We leave inheritance as the final pillar, as it is the pillar which VBA does not follow. While a class can be constructed to collect an almost limitless amount of information (again, within system limitations), there may be a desire to build a more structured approach. This is where the concept of inheritance comes in — instead of modifying an existing class to add properties or methods, separate sub (derived) classes can be created to work strictly with their parent (base) class. If you’re familiar with relational databases, these classes act like separate database tables. The sub-class will inherit certain details from the base class, while objects of the base class may or may not require a sub class to be initiated.

In the airline passenger example, we can consider the primary customer data as the base class.
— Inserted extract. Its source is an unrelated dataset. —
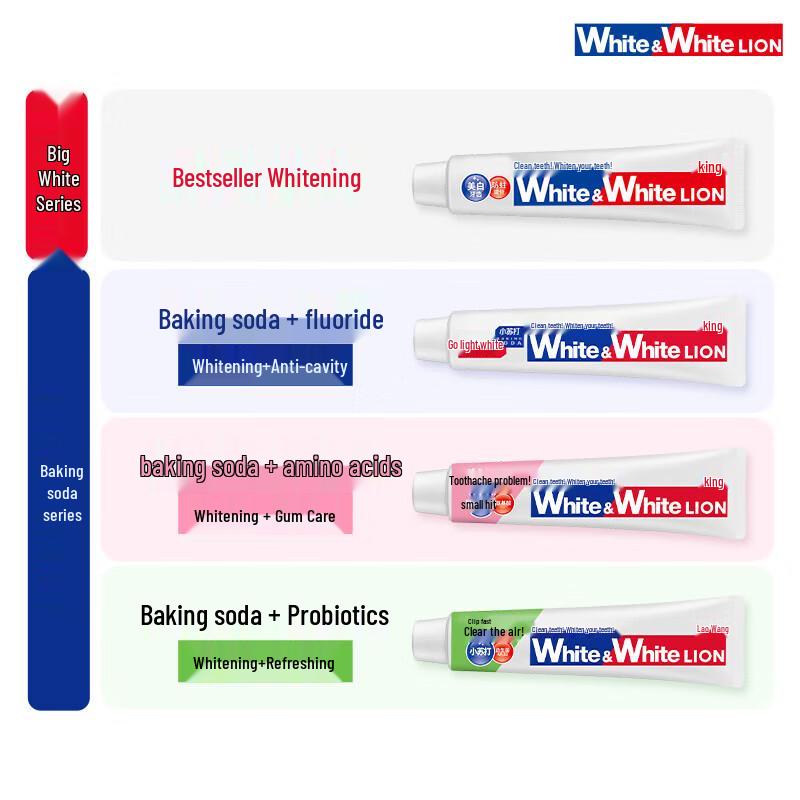 Lion White&White Baking Soda Amino Acid Toothpaste Peach Flavor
However, let’s assume some customers have a frequent flyer account. In theory, it would be great if we could create a new subclass to store all frequent flyer details, such as ID, status, and amount of accumulated miles. The subclass would not need to be instantiated for customers who do not have a frequent flyer account, savings on system resources. Likewise, the features of the class would only be available to those passengers who do have a frequent flyer account.

Unfortunately VBA does not explicitly provide inheritance as a feature. There are ways to mimic inheritance, but these generally require redundant coding. VBA does provide the ability to group objects into collections, but the collection and object have minimal influence on each other.


While classes and objects are one of the more complex features in VBA, their usefulness is unsurpassed. By fully utilizing classes and objects, you can write clearer and more concise code. After mastering classes and objects, you will likely find them to be a much more powerful alternative to multi-dimensional arrays, data collections, and basic global variables.